For example, the groups of images can comprise at least one depth image. The term “depth image” has a specific meaning. It relates to a two-dimensional image in which each picture element also has an associated piece of distance information in addition to its arrangement of the associated object as determined by the arrangement of the picture element in the image. This means that the associated object is clearly located in three-dimensional space. Normally as an alternative, but in principle also in addition, it is possible for the groups of images to comprise multiple two-dimensional images. In this case, the multiple images of the respective group can be used to generate a stereoscopic image, that is a three-dimensional image.

A particularly preferred configuration of the control method provides for the control device to ascertain the at least one quantity that reveals, for both strip edges of the metal strip, whether the metal strip is forming a wave in the region of the respective strip edge, on the basis of the groups of images of the metal strip.

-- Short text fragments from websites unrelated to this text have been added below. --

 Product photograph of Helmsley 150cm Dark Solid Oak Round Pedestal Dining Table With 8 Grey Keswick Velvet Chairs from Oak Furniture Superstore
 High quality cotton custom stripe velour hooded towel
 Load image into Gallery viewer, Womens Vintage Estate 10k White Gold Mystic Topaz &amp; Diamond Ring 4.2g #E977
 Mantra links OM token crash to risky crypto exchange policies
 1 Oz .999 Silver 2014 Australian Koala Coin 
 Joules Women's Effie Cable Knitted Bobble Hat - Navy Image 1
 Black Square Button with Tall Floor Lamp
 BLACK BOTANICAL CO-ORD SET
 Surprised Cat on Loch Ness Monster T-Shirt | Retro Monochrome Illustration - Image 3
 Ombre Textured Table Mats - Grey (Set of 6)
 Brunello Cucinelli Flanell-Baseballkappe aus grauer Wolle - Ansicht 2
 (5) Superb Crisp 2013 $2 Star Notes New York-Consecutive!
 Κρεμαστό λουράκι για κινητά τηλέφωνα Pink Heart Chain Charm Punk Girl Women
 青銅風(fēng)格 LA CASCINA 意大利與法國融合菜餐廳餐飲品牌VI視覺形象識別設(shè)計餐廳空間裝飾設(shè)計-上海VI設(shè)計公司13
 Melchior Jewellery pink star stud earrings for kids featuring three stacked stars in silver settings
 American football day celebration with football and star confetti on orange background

An algorithm for ascertaining the waves in the images does not have to be explicitly created. Rather, it is possible to apply so-called machine learning algorithms in a learning phase. For example, neural networks can be appropriately trained. Purely by way of illustration, reference can be made in this context to the technical paper “Object Detection with Deep Learning: A Review” by Zhong-Qiu Zhao et al., published in Journal of Latex Class Files, vol. 14, No 8, March 2017. Other approaches are also readily possible.

In the simplest case, it is possible for the control device to use the respective group of images to ascertain a respective extent to which the metal strip forms the wave in the region of the respective strip edge, to compare the respective ascertained extent with a threshold value, and to ascertain the at least one quantity on the basis of the respective comparison as a respective Boolean variable.

In this case, the control device thus makes a simple binary decision regarding whether a wave is forming at one strip edge or at the other strip edge. This variant is relatively simple to implement.

However, it is better if the control device uses the respective group of images to quantitatively ascertain a respective extent to which the metal strip forms the wave in the region of the respective strip edge, and uses the quantified values as at least one quantity.

In this case, not only a binary statement but also a quantified statement about the formation of a wave is available. The quantified values can be ascertained by the control device in the form of I units, also known as a flatness index, for example. I units are known and familiar to a person skilled in the art.

The control method according to the invention is in particular performed during a period when the metal strip is in a relaxed state upstream and/or downstream of the roll stand, that is the roll stand on which the stand controller is acting.

The object is additionally achieved by a control program. According to the invention, the execution of the machine code by the control device causes the control device to perform a control method according to the invention.

According to the invention, the control device is programmed with a control program according to the invention. As a result, the control device performs a control method according to the invention during operation.

According to the invention, the roll unit has a control device.

The object is additionally achieved by a rolling mill train, wherein at least one of the roll stands is in the form of a roll unit according to the invention.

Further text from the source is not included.